Nobody ever said it was, I know this is a real issue. I was just making a point on how a clone could act if they found out they were a clone, and gave an example from a game I knew of. It's very possible a clone could go crazy if they were to find out that they were a clone. So like I said, the world isn't ready.
happyheathen
08-09-2001, 11:28 PM
Originally posted by Psycho Fox
Yes I can... in Japan many years before the Russia/Japan war the gun came but the kings of the time thought it to be unhonourable thus anyone becoming a gunmaker their family would be tortured and killed it worked Japan didn't not have any gunmakers till they were invaded by the Europeans.
Actually:
1. the firearm was invented by the same people who invented gunpowder: the Chinese
2. Firearms did get used, didn't they? (there is a story I heard years ago: Louis 13 or 14 of France was presented with a working flame-thrower, and put the inventor on pension-for-life on the condition that he destroy the device and all papers concerning it, and never mention it to anyone again (Louis XVI probably wished he had a couple a bit later...))
(flame-throwers also got used)
3. If you need to play a video game to be able to imagine and think -
PLEASE DO NOT VOTE!!!
Psycho Fox
08-09-2001, 11:47 PM
Originally posted by happyheathen
Actually:
1. the firearm was invented by the same people who invented gunpowder: the Chinese
2. Firearms did get used, didn't they? (there is a story I heard years ago: Louis 13 or 14 of France was presented with a working flame-thrower, and put the inventor on pension-for-life on the condition that he destroy the device and all papers concerning it, and never mention it to anyone again (Louis XVI probably wished he had a couple a bit later...))
(flame-throwers also got used)
I ment in JAPAN for a period of time there was no guns
Jowy Blight
08-09-2001, 11:51 PM
3. If you need to play a video game to be able to imagine and think - Do NOT Vote!!
I can't vote, I'm only 15. As for the video game thing, Were you listening?

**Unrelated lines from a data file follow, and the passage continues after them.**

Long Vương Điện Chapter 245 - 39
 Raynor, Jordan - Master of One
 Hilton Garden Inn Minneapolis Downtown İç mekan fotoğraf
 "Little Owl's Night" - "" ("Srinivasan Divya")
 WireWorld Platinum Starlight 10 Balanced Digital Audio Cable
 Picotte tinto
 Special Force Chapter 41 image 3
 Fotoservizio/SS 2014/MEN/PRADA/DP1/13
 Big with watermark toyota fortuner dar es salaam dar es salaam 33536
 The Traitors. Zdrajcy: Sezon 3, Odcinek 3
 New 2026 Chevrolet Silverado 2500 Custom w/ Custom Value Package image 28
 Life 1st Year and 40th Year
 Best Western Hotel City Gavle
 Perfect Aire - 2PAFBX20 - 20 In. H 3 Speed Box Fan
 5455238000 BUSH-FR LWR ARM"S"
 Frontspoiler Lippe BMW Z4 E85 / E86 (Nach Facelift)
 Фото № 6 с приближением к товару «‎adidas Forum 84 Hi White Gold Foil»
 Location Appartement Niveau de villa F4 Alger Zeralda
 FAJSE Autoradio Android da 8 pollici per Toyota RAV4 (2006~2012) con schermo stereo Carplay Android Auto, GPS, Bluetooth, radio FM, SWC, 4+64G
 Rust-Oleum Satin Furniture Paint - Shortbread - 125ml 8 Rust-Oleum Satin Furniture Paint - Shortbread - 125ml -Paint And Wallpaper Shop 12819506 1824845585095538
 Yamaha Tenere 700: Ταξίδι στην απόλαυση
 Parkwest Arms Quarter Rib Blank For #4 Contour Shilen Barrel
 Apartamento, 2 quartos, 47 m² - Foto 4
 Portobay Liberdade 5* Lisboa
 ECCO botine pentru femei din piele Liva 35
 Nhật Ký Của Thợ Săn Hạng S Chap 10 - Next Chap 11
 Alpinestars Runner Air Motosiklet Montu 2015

I said EXAMPLE, you don't need a game to think about this. The game just had something that showed what could happen to someone who found out he/she was a clone. That they might go mad, and do something that could hurt someone.
Blast Hornet
08-10-2001, 12:28 AM
I would love to have my own Clone, I mean just a guy to act as a house for all the parts incase I need them, He could walk behind me and if I loose limbs i can take his you know like some weird lab assistant just dragging his toeless foot behind him while I walk around like I'm perfect , Hey I'm not Morbid He's me techincally ( i'm joking)
BourgeoisBuffoon
08-10-2001, 07:10 AM
Geez, I hope you are joking....happyheathen would have a field day in telling us how this is not for stuff like that....but a clone still has feelings too, you know-what if he acted like YOU were the clone? Where would you be...since you may end up giving a body part?